All that is needed is an exact repetition of the lines from the one containing "Hello guys and" through the final line of the material, without pictures.

__Data provided__.
☆ ☆ ☆

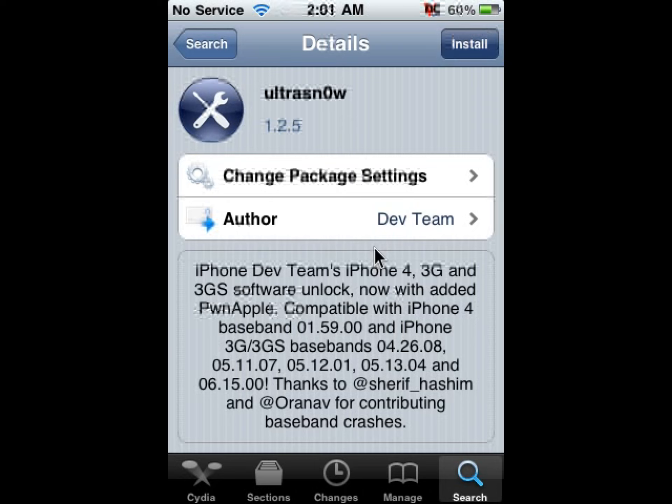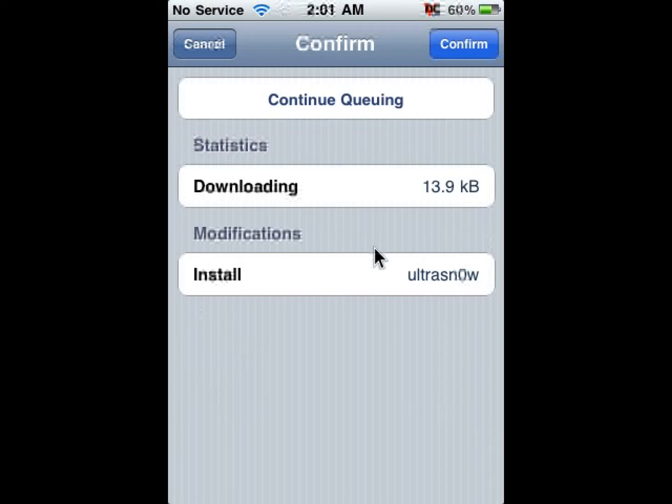Click on it to install and click Confirm. I'm not going to click Confirm here because I'm using an older phone, but just click Confirm, let it run, make sure you reboot your device, and that's it.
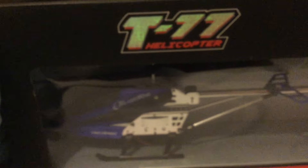Hello guys, so today I just won a helicopter and I'll show you in 3, 2, 1. That's the helicopter, it's called the T7 helicopter.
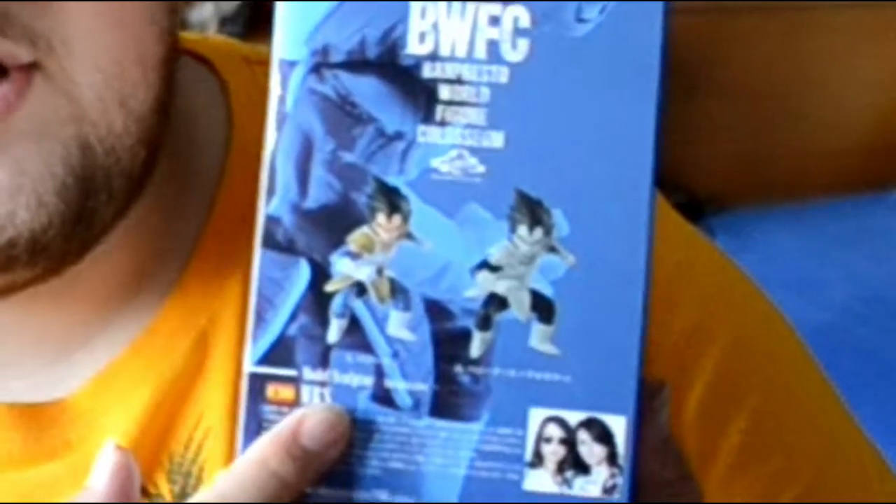Hello guys and welcome to Strong Bean TV — even though I'm not strong and I'm not a bean. We are back in another unboxing, and this time we have another BWFC figurine: it's Vegeta in his normal form, with his armor on and the shoulder broken. This was sculpted by MRS, a girl duo from Spain. Like always, you can get the BWFC in both colored and black and white versions. I got the colored version because I prefer that, and the box has more of a blue design to it because of Vegeta.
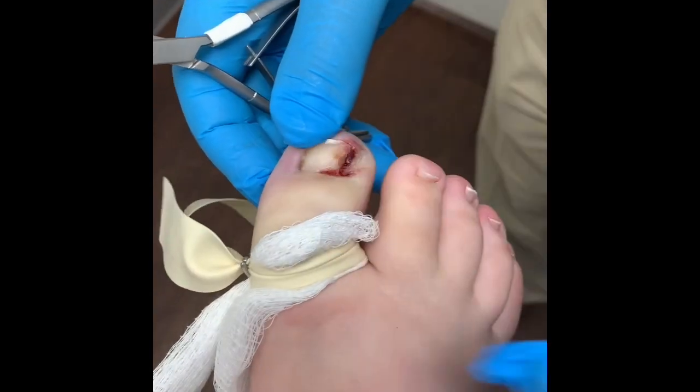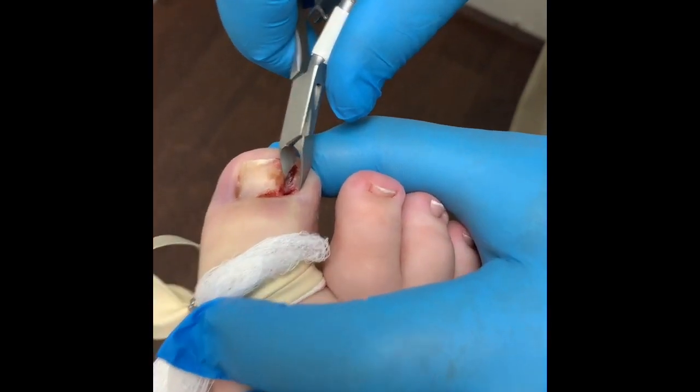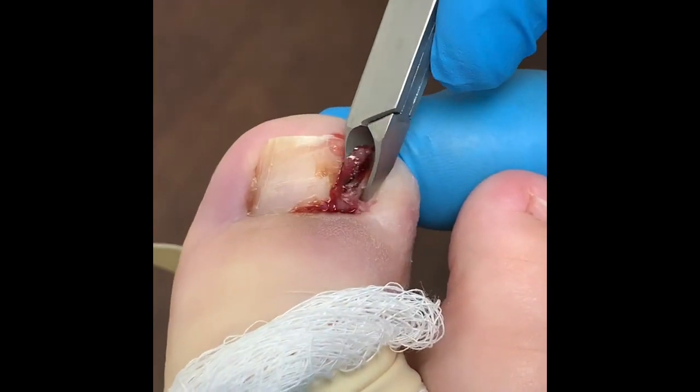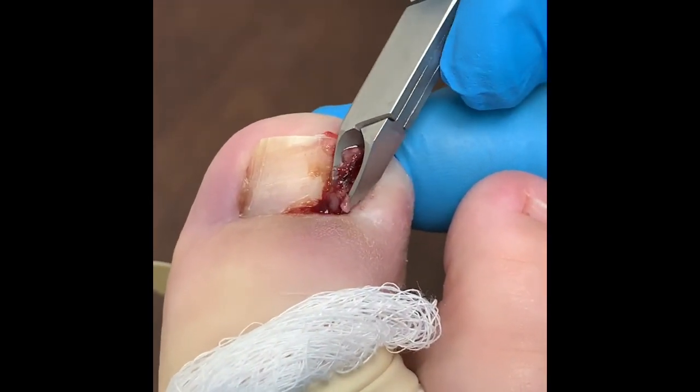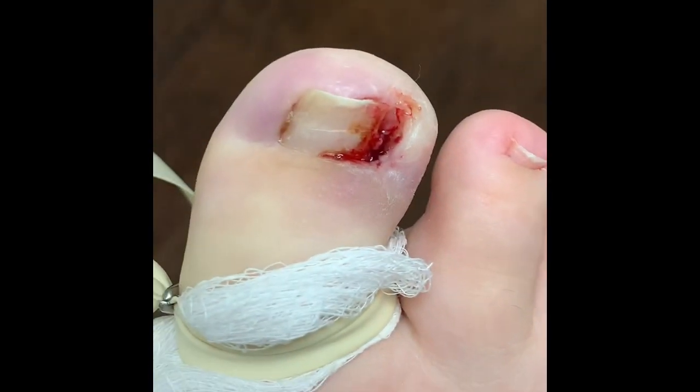The patient has a little pyogenic granuloma. The question is just to excise the granuloma.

☆ ☆ ☆

__Task result__.
Hello guys and welcome to Strong Bean TV — even though I'm not strong and I'm not a bean. We are back in another unboxing, and this time we have another BWFC figurine: it's Vegeta in his normal form, with his armor on and the shoulder broken. This was sculpted by MRS, a girl duo from Spain. Like always, you can get the BWFC in both colored and black and white versions. I got the colored version because I prefer that, and the box has more of a blue design to it because of Vegeta.
The patient has a little pyogenic granuloma. The question is just to excise the granuloma.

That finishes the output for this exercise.